Captain John 36 hour 3.22-23

Discussion in 'Fishing Reports' started by word-doctor, Mar 27, 2008.

  1. word-doctor

    word-doctor Senior Member

    (Posted on 2cool, but got rather buried by the snapper regs brouha)

    First off, the trip was great (here's the boat's report). I plan to go on another overnighter on May 3-4 with the same boat. It was not a stellar catching trip, especially when the last morning's fishing was cut off. I totaled 2 BFT (small), 7 vermillion, and 9 blue runners. But the captain and crew did everything right: their attitude and hard work were exemplary. The other anglers were very helpful in providing information and assistance. For example, the guy next to me (Dave) was catching beeliners on Saturday afternoon. I couldn't get the right depth, so finally asked to drop at the same time--sure enough, picked up my best vermillion at "his" mark.

    OK: here's the requisite newbie "what I learned" list:
    1. CROCS RULE! I resisted getting them for a long time, but wore them this whole trip. Absolutely no lower back pain and feet aren't sore at all. I worked in kitchens for 7 years: these are the best "standing" shoes I've ever used by a long shot.
    2. Watch, ask and listen. I asked about jigs, depths, speeds, baits, hooks, etc. Watched guys like Ruben. It saved a wasted trip, because if I'd tried to figure it out on my own I'd have never gotten it until afterwards.
    3. Put the time in. Was too excited to sleep much on Friday night (3 hours?); caught a few naps during travel time and fished as hard as I could when we stopped. Took a few breathers to change baits, during detangling, etc. I was about as hyper as Aaron through the whole trip... finally caught a couple hours sleep on the ride home.
    4. Daiwa Sealine. Next to the crocs, this made the trip. Great freespool and 6:1 gears made jigging work, even using a TruTemper rod with a hard tip. Holds 300 yards of 65# braid with a 5' topshot.
    5. Newell gears. 4:1 on a 4/0 Penn made it much easier to reel up a beeliner and 20 oz. sinker. Used an old 6' Sabre rod rated 60-100--great rod to use on the rail.

    I don't plan to make any major purchases for the next trip; maybe a couple of aftermarket handles (just found an 8-ball for the Sealine!). At some point I'll want to get a more appropriate jigstick, but the old TT really ain't that bad and I like the aura from a hardwood handle.

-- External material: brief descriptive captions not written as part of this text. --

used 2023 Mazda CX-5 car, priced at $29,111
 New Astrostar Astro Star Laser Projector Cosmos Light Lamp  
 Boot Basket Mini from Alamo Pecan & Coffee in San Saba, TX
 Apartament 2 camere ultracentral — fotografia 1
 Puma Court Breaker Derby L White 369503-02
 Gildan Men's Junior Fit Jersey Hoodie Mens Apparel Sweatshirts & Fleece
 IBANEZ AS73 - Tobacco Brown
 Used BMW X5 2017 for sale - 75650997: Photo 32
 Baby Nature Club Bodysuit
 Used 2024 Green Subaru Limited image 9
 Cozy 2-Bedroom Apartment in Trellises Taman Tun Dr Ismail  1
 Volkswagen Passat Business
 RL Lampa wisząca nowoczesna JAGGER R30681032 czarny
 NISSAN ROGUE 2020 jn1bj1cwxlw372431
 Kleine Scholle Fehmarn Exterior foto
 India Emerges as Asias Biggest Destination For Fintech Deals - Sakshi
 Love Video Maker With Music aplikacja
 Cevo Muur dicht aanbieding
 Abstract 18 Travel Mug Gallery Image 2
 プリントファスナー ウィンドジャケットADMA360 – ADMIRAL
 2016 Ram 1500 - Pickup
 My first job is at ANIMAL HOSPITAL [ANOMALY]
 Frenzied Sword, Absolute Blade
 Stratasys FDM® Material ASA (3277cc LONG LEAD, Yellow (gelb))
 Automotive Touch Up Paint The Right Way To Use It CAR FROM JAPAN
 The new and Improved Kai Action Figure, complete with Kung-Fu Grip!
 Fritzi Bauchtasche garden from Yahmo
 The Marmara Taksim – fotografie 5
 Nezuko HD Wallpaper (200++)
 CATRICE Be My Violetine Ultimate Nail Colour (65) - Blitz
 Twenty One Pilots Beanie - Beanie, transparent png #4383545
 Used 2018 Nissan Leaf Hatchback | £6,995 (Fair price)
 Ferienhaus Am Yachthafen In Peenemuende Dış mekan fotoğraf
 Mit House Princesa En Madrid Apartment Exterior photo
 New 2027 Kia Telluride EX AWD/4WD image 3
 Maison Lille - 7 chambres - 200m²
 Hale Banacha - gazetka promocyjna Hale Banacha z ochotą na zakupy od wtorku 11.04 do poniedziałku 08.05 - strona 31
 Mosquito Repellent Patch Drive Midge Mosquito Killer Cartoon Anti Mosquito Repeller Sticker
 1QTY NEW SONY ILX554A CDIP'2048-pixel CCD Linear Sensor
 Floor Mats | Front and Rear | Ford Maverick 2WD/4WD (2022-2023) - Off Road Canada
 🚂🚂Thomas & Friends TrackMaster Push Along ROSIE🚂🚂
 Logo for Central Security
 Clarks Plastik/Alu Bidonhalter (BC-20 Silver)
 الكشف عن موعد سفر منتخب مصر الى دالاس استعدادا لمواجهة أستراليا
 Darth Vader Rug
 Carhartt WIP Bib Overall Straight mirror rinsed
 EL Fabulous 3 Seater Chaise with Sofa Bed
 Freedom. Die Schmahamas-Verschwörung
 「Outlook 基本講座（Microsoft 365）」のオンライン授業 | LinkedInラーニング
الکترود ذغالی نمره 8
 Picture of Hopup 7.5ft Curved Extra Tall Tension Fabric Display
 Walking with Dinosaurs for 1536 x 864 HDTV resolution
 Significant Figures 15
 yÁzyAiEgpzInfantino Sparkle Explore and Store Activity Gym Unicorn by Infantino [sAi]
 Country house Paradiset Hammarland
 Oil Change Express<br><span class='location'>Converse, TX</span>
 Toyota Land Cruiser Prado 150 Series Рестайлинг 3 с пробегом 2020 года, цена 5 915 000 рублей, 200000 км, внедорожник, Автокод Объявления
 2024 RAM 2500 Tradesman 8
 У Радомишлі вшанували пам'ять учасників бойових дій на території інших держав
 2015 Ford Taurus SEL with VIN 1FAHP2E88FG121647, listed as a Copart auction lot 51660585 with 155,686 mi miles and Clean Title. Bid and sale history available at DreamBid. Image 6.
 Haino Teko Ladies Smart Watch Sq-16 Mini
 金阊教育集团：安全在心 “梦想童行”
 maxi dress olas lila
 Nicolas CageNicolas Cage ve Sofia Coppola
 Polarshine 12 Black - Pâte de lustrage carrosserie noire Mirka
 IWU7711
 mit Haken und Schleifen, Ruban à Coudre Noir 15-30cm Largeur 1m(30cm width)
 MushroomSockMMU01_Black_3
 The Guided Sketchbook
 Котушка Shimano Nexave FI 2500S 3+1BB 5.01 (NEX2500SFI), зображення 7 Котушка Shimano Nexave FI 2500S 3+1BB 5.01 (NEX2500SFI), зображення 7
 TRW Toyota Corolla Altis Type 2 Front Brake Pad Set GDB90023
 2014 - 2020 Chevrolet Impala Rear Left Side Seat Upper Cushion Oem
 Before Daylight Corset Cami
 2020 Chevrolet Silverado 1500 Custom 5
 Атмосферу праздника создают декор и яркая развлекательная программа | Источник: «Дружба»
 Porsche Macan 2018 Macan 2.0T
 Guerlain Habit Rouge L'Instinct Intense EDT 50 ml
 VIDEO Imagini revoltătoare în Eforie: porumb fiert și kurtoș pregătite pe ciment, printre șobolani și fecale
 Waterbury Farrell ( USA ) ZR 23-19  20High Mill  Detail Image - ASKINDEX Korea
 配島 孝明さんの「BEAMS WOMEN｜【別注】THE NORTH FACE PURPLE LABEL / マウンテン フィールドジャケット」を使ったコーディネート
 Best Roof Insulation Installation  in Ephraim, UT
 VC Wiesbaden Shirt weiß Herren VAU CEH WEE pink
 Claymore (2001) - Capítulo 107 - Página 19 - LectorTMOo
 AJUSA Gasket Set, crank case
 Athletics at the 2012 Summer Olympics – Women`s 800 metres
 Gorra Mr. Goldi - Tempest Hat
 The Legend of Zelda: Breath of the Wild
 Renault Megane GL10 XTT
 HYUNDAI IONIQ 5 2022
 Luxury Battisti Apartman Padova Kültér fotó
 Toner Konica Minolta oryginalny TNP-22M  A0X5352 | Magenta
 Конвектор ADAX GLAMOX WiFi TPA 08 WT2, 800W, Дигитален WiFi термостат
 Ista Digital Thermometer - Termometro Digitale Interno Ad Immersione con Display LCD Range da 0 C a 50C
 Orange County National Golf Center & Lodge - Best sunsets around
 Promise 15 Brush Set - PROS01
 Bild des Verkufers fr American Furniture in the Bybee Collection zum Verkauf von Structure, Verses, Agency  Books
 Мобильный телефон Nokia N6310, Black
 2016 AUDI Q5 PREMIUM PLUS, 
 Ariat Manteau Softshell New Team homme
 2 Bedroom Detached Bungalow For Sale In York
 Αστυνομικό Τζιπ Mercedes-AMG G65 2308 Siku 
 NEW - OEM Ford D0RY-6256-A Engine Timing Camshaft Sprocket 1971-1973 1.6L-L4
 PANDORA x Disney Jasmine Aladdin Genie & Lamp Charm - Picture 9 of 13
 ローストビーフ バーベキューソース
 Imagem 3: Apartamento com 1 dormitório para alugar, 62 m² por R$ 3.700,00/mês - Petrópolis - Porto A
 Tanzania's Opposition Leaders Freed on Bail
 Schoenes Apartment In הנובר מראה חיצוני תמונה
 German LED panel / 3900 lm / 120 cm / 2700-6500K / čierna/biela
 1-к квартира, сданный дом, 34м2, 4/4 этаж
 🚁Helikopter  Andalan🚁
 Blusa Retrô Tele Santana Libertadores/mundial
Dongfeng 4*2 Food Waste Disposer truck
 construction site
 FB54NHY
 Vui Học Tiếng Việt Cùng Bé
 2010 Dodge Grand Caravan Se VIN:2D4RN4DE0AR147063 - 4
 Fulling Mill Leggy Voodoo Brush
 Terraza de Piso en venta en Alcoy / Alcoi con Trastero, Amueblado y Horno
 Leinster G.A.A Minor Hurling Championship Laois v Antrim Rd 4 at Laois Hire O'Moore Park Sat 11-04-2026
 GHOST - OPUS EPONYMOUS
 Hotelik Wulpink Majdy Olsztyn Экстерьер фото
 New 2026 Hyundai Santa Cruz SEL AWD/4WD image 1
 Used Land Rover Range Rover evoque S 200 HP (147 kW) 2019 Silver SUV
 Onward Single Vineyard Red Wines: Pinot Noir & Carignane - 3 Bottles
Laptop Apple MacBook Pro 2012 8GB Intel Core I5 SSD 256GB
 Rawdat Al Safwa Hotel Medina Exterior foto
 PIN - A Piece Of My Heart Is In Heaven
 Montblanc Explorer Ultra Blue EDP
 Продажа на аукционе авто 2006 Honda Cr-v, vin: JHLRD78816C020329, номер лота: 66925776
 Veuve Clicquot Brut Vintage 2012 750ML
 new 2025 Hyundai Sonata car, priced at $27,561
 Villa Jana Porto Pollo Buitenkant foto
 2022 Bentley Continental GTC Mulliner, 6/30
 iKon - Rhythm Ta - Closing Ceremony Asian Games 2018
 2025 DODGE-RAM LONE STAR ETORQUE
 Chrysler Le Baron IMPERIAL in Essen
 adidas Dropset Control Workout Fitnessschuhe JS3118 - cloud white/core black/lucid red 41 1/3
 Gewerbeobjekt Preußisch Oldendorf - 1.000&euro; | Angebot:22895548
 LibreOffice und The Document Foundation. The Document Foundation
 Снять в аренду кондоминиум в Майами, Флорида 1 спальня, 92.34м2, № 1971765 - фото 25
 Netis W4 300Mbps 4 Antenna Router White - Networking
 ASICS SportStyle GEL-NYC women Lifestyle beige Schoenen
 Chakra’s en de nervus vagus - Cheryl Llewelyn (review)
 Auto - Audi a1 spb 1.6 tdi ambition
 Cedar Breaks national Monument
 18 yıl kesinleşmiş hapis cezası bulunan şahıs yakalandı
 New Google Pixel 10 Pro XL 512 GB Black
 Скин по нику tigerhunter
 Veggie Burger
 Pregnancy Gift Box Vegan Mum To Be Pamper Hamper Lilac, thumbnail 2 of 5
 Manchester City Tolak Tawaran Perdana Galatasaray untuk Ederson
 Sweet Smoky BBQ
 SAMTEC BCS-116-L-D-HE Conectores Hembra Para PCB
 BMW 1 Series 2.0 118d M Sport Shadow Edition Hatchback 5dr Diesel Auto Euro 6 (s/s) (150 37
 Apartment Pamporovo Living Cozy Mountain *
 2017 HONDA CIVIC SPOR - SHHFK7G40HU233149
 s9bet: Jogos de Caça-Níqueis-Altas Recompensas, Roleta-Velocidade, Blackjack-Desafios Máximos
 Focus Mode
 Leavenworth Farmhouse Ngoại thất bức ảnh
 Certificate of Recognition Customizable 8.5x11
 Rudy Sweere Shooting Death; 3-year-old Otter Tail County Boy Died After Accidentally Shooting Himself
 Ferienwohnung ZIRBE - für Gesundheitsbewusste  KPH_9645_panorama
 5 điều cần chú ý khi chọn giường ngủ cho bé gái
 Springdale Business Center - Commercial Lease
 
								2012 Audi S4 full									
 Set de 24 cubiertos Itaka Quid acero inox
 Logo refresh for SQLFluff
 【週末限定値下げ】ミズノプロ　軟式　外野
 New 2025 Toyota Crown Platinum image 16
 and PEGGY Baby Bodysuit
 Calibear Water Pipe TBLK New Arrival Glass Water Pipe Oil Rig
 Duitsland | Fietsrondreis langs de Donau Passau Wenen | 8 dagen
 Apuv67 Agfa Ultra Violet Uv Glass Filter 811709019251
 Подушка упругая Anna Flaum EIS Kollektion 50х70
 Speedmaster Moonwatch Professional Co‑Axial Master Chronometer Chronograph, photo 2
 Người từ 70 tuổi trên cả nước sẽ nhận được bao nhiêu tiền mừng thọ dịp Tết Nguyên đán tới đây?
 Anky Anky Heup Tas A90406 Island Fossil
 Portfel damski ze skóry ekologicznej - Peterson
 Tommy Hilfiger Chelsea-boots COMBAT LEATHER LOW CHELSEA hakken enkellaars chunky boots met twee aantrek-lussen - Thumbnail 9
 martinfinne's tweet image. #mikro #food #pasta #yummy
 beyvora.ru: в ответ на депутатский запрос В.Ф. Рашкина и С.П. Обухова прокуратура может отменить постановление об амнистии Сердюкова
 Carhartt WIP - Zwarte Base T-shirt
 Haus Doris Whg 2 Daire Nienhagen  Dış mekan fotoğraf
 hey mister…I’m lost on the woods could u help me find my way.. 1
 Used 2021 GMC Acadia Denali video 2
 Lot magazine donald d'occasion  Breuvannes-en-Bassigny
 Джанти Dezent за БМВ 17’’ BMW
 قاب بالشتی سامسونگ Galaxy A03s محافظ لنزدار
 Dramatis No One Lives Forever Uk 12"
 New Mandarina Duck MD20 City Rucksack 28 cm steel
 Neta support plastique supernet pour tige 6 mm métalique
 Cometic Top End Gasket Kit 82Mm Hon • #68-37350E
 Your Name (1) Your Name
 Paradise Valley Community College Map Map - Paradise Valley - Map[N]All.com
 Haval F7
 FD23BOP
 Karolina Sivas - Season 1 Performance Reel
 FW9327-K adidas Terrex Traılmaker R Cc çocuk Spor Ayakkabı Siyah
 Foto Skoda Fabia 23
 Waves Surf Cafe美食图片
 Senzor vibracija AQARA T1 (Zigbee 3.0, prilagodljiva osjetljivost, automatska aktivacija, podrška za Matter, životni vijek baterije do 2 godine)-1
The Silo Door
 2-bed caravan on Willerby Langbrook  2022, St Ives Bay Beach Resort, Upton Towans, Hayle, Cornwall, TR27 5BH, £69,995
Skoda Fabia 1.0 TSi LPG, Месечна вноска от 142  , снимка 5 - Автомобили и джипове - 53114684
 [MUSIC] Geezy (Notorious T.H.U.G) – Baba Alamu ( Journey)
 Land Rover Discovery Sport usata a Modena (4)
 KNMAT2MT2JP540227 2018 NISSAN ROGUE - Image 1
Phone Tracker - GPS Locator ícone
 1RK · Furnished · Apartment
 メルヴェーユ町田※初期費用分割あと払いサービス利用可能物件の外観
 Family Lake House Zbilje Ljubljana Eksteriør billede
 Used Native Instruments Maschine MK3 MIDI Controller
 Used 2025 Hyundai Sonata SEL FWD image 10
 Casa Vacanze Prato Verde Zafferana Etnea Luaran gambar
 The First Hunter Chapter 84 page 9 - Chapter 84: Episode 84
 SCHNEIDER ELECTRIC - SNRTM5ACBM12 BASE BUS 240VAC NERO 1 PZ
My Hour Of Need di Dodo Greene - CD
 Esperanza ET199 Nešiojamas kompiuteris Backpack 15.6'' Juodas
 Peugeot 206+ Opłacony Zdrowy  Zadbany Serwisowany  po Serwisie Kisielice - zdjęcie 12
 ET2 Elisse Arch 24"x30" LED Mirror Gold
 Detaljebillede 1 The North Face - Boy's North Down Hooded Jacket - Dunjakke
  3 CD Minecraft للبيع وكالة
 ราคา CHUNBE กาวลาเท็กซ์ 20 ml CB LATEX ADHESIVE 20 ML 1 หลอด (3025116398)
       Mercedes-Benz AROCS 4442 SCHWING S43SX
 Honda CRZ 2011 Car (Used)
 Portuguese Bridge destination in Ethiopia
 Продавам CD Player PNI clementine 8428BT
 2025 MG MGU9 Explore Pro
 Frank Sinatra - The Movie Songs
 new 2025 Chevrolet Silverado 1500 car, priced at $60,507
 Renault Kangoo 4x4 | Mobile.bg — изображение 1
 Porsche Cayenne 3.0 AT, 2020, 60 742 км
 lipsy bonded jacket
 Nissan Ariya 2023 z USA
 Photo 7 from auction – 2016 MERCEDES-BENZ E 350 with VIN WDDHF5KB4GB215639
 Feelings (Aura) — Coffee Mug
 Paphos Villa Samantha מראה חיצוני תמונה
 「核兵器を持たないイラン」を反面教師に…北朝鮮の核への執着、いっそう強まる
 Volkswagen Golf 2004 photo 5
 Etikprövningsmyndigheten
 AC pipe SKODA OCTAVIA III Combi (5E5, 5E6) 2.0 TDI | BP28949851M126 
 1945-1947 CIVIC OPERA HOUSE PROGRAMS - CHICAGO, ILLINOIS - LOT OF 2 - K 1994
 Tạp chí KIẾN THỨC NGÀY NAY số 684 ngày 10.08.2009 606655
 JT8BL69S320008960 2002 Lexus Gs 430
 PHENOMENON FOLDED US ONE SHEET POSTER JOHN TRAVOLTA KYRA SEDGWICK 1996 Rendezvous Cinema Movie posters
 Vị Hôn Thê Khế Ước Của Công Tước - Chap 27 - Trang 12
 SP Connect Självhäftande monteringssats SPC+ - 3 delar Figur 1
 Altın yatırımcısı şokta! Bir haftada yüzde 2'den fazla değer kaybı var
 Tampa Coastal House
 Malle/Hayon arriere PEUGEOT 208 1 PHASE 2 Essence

    That's all the I can think of. I want to thank the vets and crew for all the help, especially when I was bouncing around asking questions at uncivilized hours. Hope to see some folks off this board in early May.


    Attached Files:

  2. papio

    papio Senior Member

    Them Blue Runners are very tasty. At first i resisted eating any until my Japanese neighbor fixed some up and had me try it. Wow! they taste similar to the Hawaiian Akule or Omaka (Big Eye Scad). Now I keep most of the Blue Runners for the table and a few for bait.

    Looks like the boat did pretty good. Good luck on your next outing.

  3. BretABaker

    BretABaker Guest

    blue runners? really?? haven't tried them.

    glad you had fun on your trip, good luck in may!
  4. gman

    gman Senior Member

    Amberjack are supposed like blue runners not people
  5. BretABaker

    BretABaker Guest

    i would only think it would be tolerable smoked. how did your neighbor prepare it?
  6. bulllred

    bulllred Senior Member

    Nice report. I always like Capt. John 36hrs. trip. For the price, you can't beat it.
  7. word-doctor

    word-doctor Senior Member

    i would only think it would be tolerable smoked. how did your neighbor prepare it?

    Don't know about his neighbor, but I smoked up a bunch. Did two brineades--one spicy and one teriyaki--and had at 'em with pecan. Turned out really tasty. I did peel the skin off and use a sharp spoon to take off any remaining dark meat.

    Yesterday I did a soy marinade, then rolled a couple of cuts in spicy breadcrumbs, frying in olive oil. Wasn't the best fish I've ever had, but wasn't bad. Wouldn't do it if the fish had been frozen or was more than a couple of days dead.